Born 13 November 1922, Vienna, Austria.
Oskar Werner

Crossed the divide 23 October 1984 due to a heart attack days before embarking on a scheduled reading/reciting tour throughout Germany.
Oskar Werner

One of the rarest actors mankind had the pleasure of experiencing.

Followed the hunches and pushes and lo and behold, Oskar Werner’s last interview he gave before crossing over was indeed not on youtube as of yet. (that surprised me, usually the Oskar Werner afficionados would have put that up)
Happy to say, this is hereby remedied

Didn’t have the time to translate the entire 45 minutes, so just some of it. I don’t think this interview has ever been translated at all in the realms of the English speaking world. It’s difficult to split it in the right places, I did my best.

Teil 1/Part 1:

“Acting is a phony profession for a grown-up man unless there’s a spiritual manifestation behind it.

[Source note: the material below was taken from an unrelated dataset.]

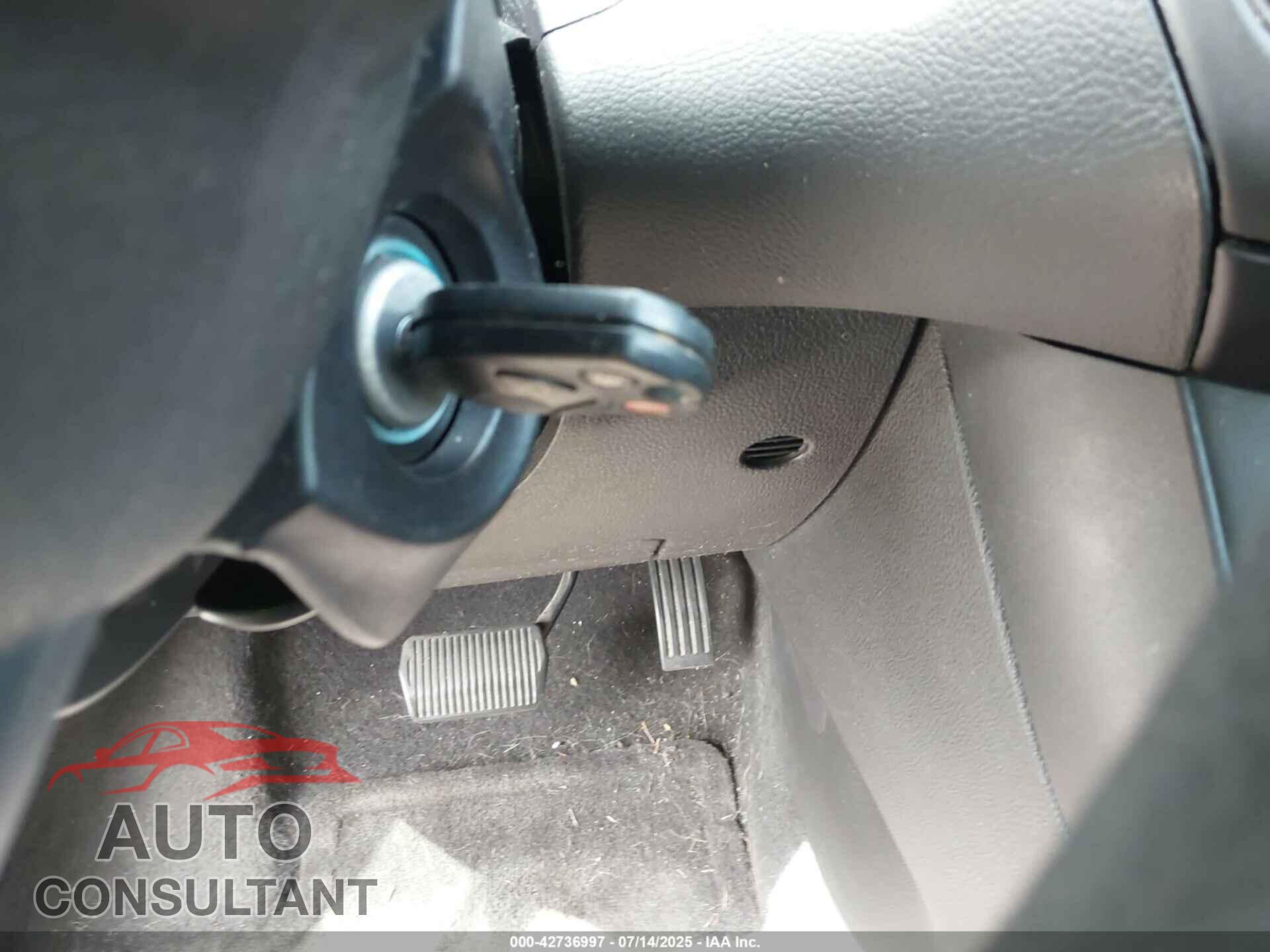 FORD FOCUS 2017 - 1FADP3K23HL248563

When you fought your entire life for the nobility of the spirit and the quality of true emotion- you simply cannot partake in defacing the great classics.

And I also think one has a responsibility toward our youth that is so very desperate and without guidance. That is why they are so violent.
I just don’t believe that one can achieve anything with smashing in windows- but with the complete opposite. They need to protest- but in a dignified manner, not without dignity.

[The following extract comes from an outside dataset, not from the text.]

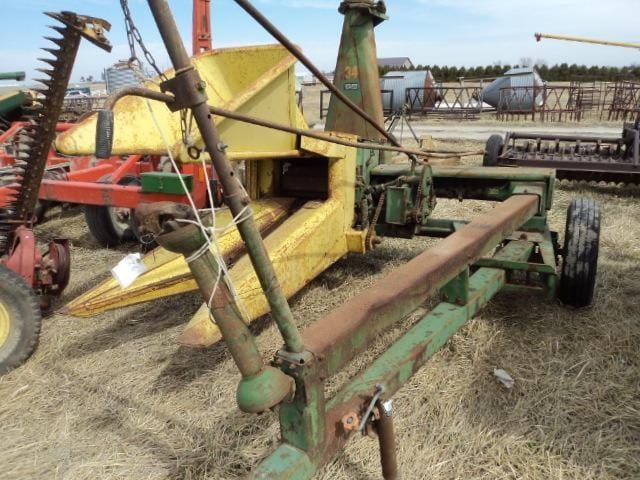 John Deere 34 Equipment Image0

And that’s why Schiller said (and I love Schiller passionately!) “Art is the daughter of Freedom.”- and he was right.
And Schiller told the artist something else: “The dignity of mankind is in your hands; protect it! It sinks with you! With you it will ascend.

…you can only understand things so much- as far as you have come along yourself. Nobody will spoon feed you a master piece overnight, that is something you have to work on for yourself.
That I know the [Mozart’s] ‘Magic Flute’ by heart is a blessing- it also belong to me and not just [the director] Karl Boehm.”

Teil 2/Part 2

Interviewer: “I met a colleague…and he said ‘the content is pretty nice, but I love the voice and the voice is marvelous.’ Now I ask myself- but how do you reach the audience with the message?”

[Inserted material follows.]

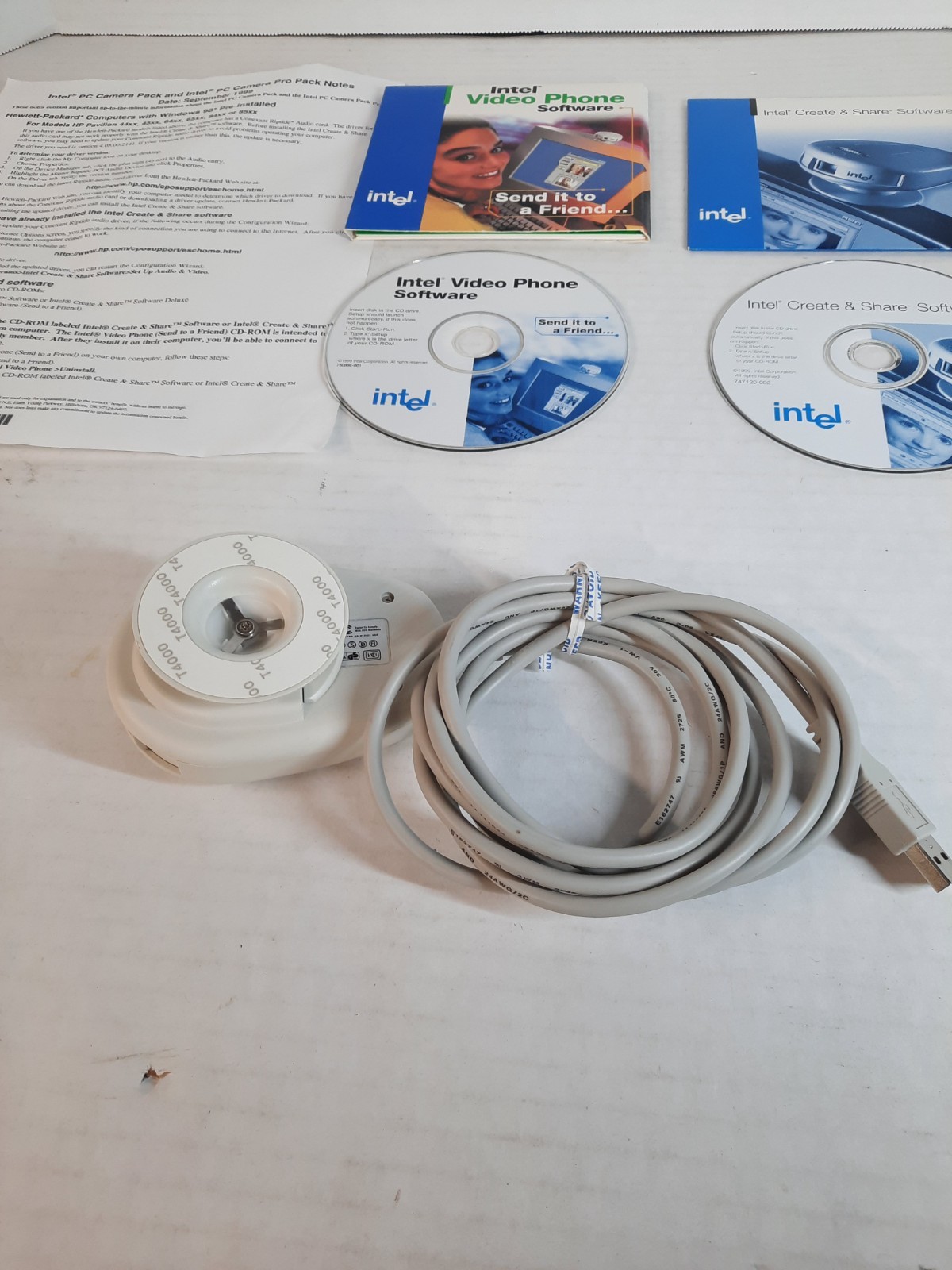 Intel PC Camera Pack CS330 With CD, Video Phone Software, Instructions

Werner: “But that is why I am doing this. Because there is something that I have to communicate to them that is of concern to me.
And because I am a pacifist and had deserted in that war it is my job to tell the youth what I think about war.”

Interviewer:”Sometimes I doubt if the message is coming across, as if to say ‘Okay, here is Oskar Werner with his marvelous voice’ and that’s that.

Werner: “Oh, that’s fine, that’s not a problem. They are still coming. They are still hearing it.”

Werner”…That is also because I have said no- I have rejected over 300 movies in my life, even refused very lucrative ones in Hollywood. Because I am aware of the responsibility.
Think about it, you turn the TV on- the youth is literally being schooled in evening filling home study courses in ‘Crimes’. When you see 8 different murder stories, some might get the idea to try that, too.
They literally exercise every crime there that you could think off- I’m surprised TV even can add something new to this.”

Interviewer: ” Are you a religious person?… What do you believe in?”
Werner: “…I already told you that.
The sublime, the beautiful and that humans are more than just pigs. If you believed in everything that is being portrayed today, you’d think everyone is just a criminal, a murderer, a bank robber and nothing else. And that is why I chose my poets because there is more to us than just that.”

Teil 3/Part 3

Interviewer: “Truffaut. You later parted ways fighting. He later said you didn’t execute Fahrenheit 451 than he wanted it.”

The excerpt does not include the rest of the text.